Posted by: Beth Pariseau
disk drives, storage technology research
Hitachi GST is back at it again this week with another update to its disk drives, this time with a redesign of its desktop SATA and PATA drives for power efficiency. Hitachi claims the updates to its silicon on the new Deskstar P7K500 drive can reduce the drive’s power consumption by up to 40 percent–or down to as low as 6 watts when active and 2 to 3 watts while idle.
The new specs were accomplished in a couple of different ways, one of which is the use of a new system on a chip model for power modules, and changing the power regulator on each drive from a linear architecture to a switched one. The moves were made with the new Energy Star 4.0 spec for PCs released in July, which allots a “budget” of 50 watts in idle mode for the whole system while idle, of which it’s estimated 8.3 go to the disk drive. With the new 250 GB version of the Deskstar, Hitachi is claiming a draw of 3.6 watts in idle mode, and 4.8 watts for the 320, 400 and 500 GB models.

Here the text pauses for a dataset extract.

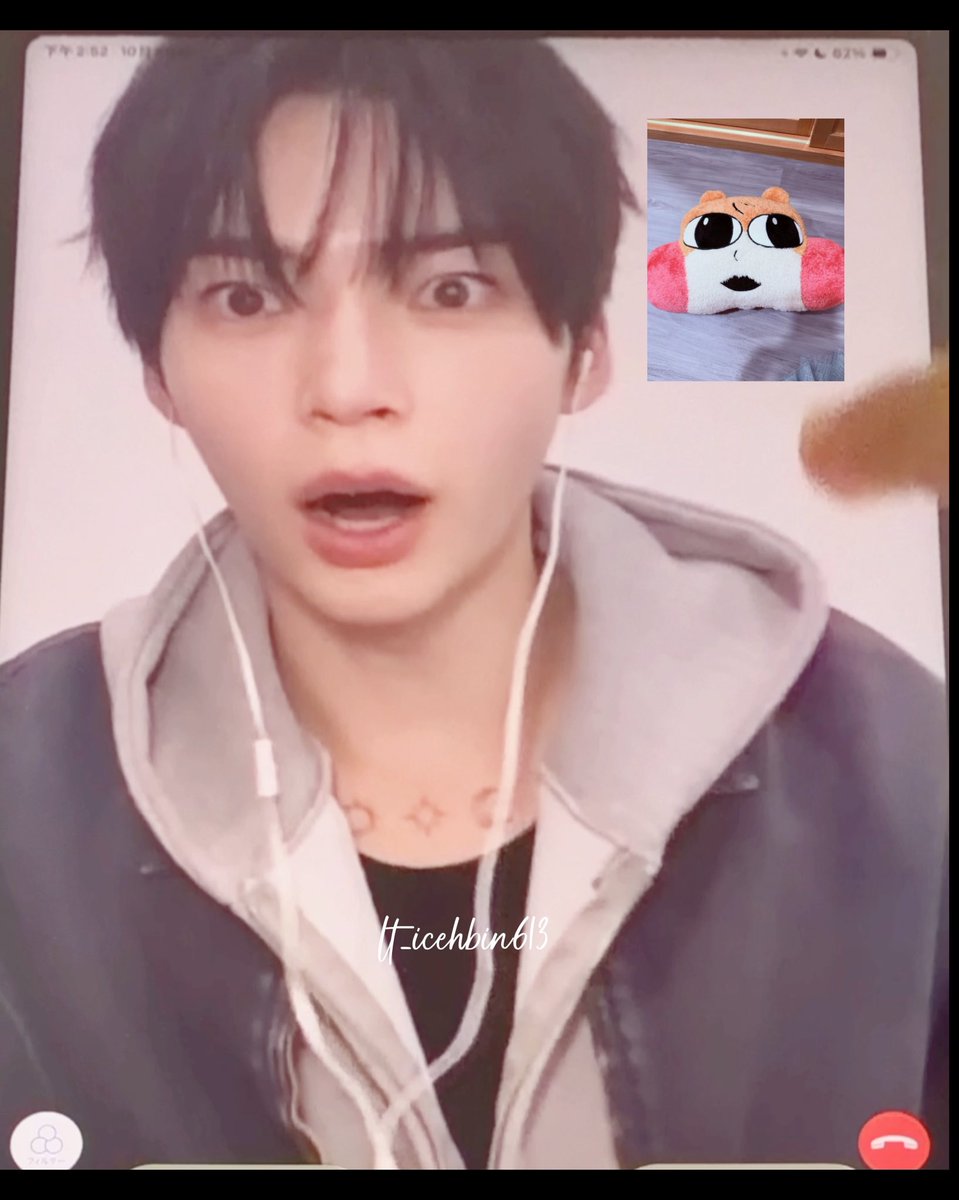 A screenshot of a video call shows a young man with dark hair wearing earphones and a hoodie, with the username 'Hicehbin613' visible and a small plush toy in the corner.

This savings won’t necessarily make a dent in anyone’s home electric bill, according to Lee Johnson, 3.5-inch Product Marketing Manager for Hitachi. “But with the additional watts left over, PC makers can use that added wiggle room to design PCs with more RAM, more features on the motherboard, or a higher processor clock speed,” she said.
Hitachi plans to add similar power-savings technology to its enterprise-class drives, but IDC’s John Rydning says that may not necessarily be practical–nor lead to significant cost savings in enterprise disk systems.
“At the enterprise level there’s not a lot of impact on the overall system by reducing idle drive power draws,” he said, noting that turning drives completely off through MAID is the way the enterprise is headed. “But if you’re a large enterprise organization with hundreds or thousands of PC workstations, this might make a difference.”